Le secrétaire exécutif du G5 Sahel, M. Maman Sambo Sidikou, a indiqué que le Sommet de Nouakchott, qui se tient dans un contexte si préoccupant, constitue donc un moment propice pour les Chefs d’État de démontrer leur ferme résolution à maintenir le cap, envers et contre tout, vers la consolidation de la mise en œuvre des conclusions du Sommet de Pau.
Il a ajouté, dans une interview exclusive avec Horizons, que la conjoncture actuelle est marquée par la montée en gamme du G5 Sahel, âgé de six ans, considérant que le dispositif institutionnel de celui-ci s’est stabilisé, que les opérations sont en cours et que les réalisations ont d’ores et déjà débuté. Voici cette interview dans son intégralité :
Horizons : Nouakchott abritera fin juin un sommet du G5 Sahel, qui intervient dans une conjoncture particulière. Globalement, qu’attendez-vous de ce sommet ?
Le secrétaire exécutif du G5 Sahel : le G5 SAHEL est une organisation de cinq États membres représentant 80 millions d’habitants répartis sur 5 millions de kilomètres carrés.

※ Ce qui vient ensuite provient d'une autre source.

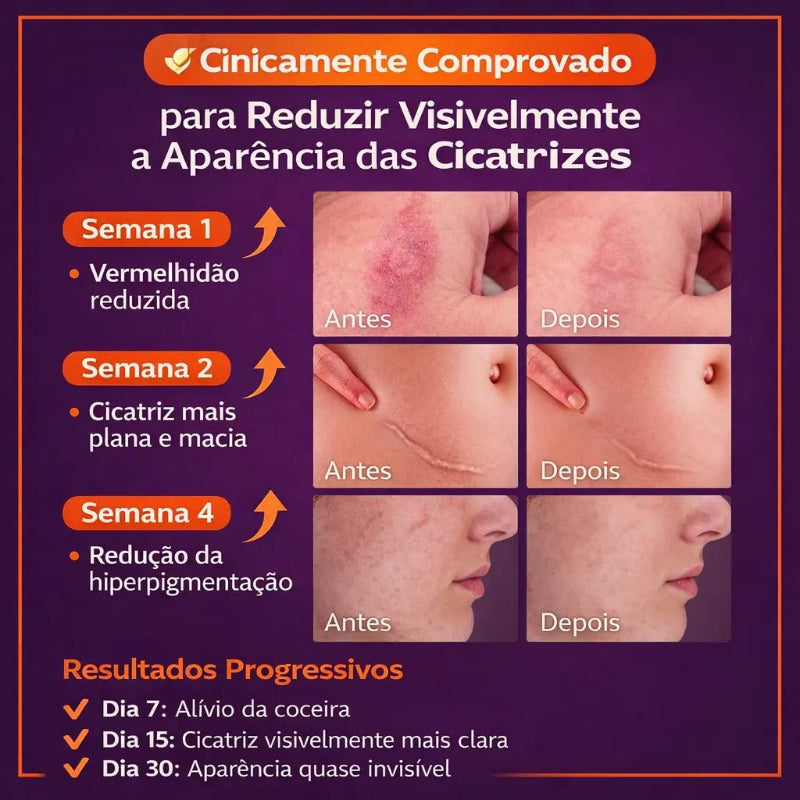 Scar Removal Cream — Creme para Cicatrizes Rosto e Corpo | Recuperação Avançada (30g)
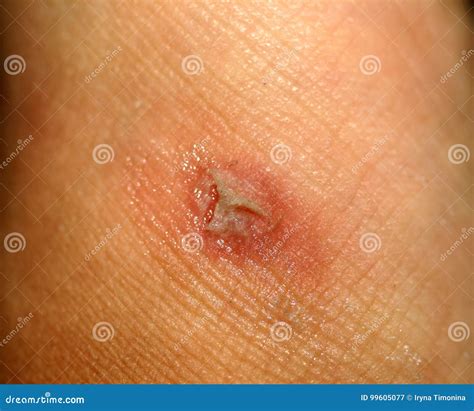 corn   skin  corn popped stock image image  care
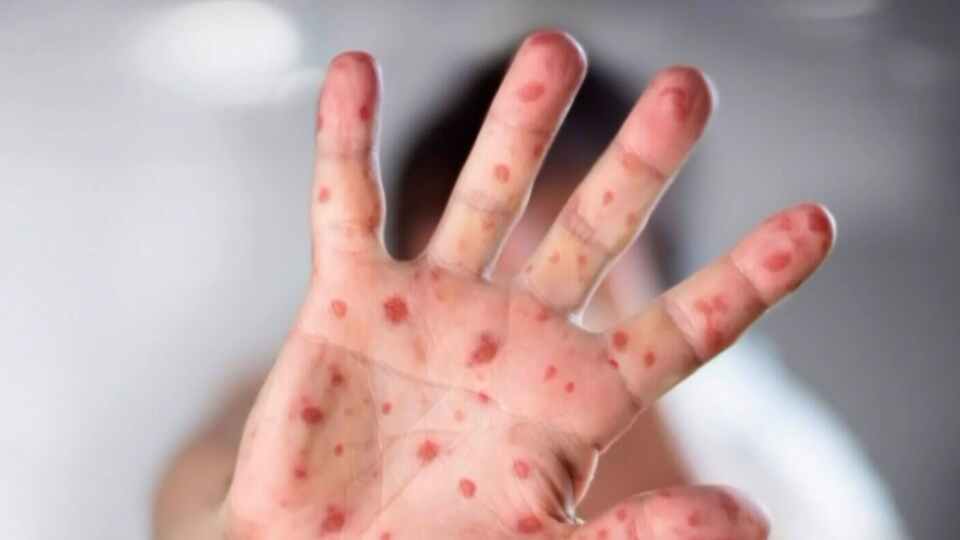 Measles outbreak spreading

Le Sommet est l’instance politique la plus élevée qui permet aux Chefs d’État de définir les priorités de l’institution. Sa dernière session ordinaire s’est tenue à Nouakchott (25 février) et a coïncidé avec le début de la présidence annuelle de la Mauritanie. La conjoncture actuelle est marquée par la montée en gamme de notre organisation âgée de six ans. Notre dispositif institutionnel s’est stabilisé, les opérations sont en cours et les réalisations ont débuté.
En matière de sécurité, il repose notamment sur la Force Conjointe, initiative sans précédent coordonnant les bataillons des cinq Etats membres. Depuis 2017, elle a mené 21 opérations dans les zones frontalières situées à l’Ouest (Mauritanie/Mali), au Centre (Mali/Burkina Faso/Niger) et à l’Est (Niger/Tchad) de l’espace du G5 Sahel.
Pour ce qui concerne le développement, il s’organise autour de la mise en œuvre du Programme d’Investissements Prioritaires (PIP). Adopté en 2018, il s’échelonne entre 2019 et 2021 et cible quatre priorités thématiques : défense et sécurité, gouvernance, résilience et infrastructures. Une importante partie de nos efforts actuels vise à réaliser cette ambition tout en tenant compte du contexte sans précédent créé par la crise de la COVID 19.
Nous attendons donc du Sommet qu’il conforte la montée en gamme de l’organisation sur les deux volets de son mandat : la sécurité et le développement.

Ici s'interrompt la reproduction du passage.